Surody discovered that automatic armature morphing does not work when rendering animations. To circumvent this problem, a new tool for rendering a sequence of frames has been introduced, see Morphing Armatures and Rendering.

Original post:

In DAZ Studio it is possible to create morphs that change both the character mesh and armature, so called ERC (Enhanced Remote Control) morphs. In Blender that would correspond to morphs that change the rest pose of an armature, but that is not supported by Blender. In the past such ERC morphs have been ignored, but with the latest commit of the DAZ Importer they can be dealt with.

In order for ERC morphs to be loaded, the global setting ERC Morphs option must be enabled, otherwise morphing armatures will not work. In most cases it is not necessary to morph armatures, and by disabling this option we can eliminate some overhead.

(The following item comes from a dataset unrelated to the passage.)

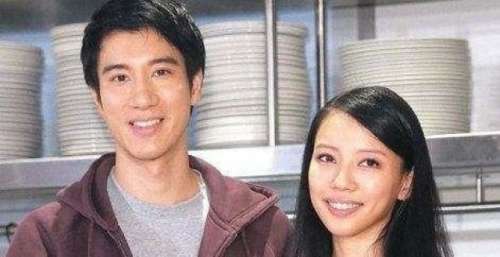 李靓蕾爆猛料后王力宏首现身，单手插兜状态轻松，却连丢两个代言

Assume that we want to animate how dr Jekyll is transformed into mr Hyde. Here we have three frames from that sequence, with the Hyde morph at 0%, 50%, and 100% respectively. The mesh is transformed nicely, but the armature does not follow suit.
There is a new tool that takes care of that. After the value for the Hyde morph has been set, press the Morph Armature button in the Morphs panel.
The armature now jumps into place. Here is mr Hyde at 50% and 100% with his morphed armature. The bone lengths do not change even though the distance between the bones has increased, but that does not really matter. What matters is that the bone heads, i.e. the pivot points, are at the right location. We see that the lCarpal4 bone does not move for some reason, probably because it has been misspelled.

That the pivot points are located correctly is important when the character is posed. Observe the right shoulder in the picture above.

It is inconvenient to have to press the Morph Armature button for each frame change, and you may wonder if there is a way to automate that. The answer is yes, but the procedure is somewhat awkward. However, it is awkward on purpose, for two reasons.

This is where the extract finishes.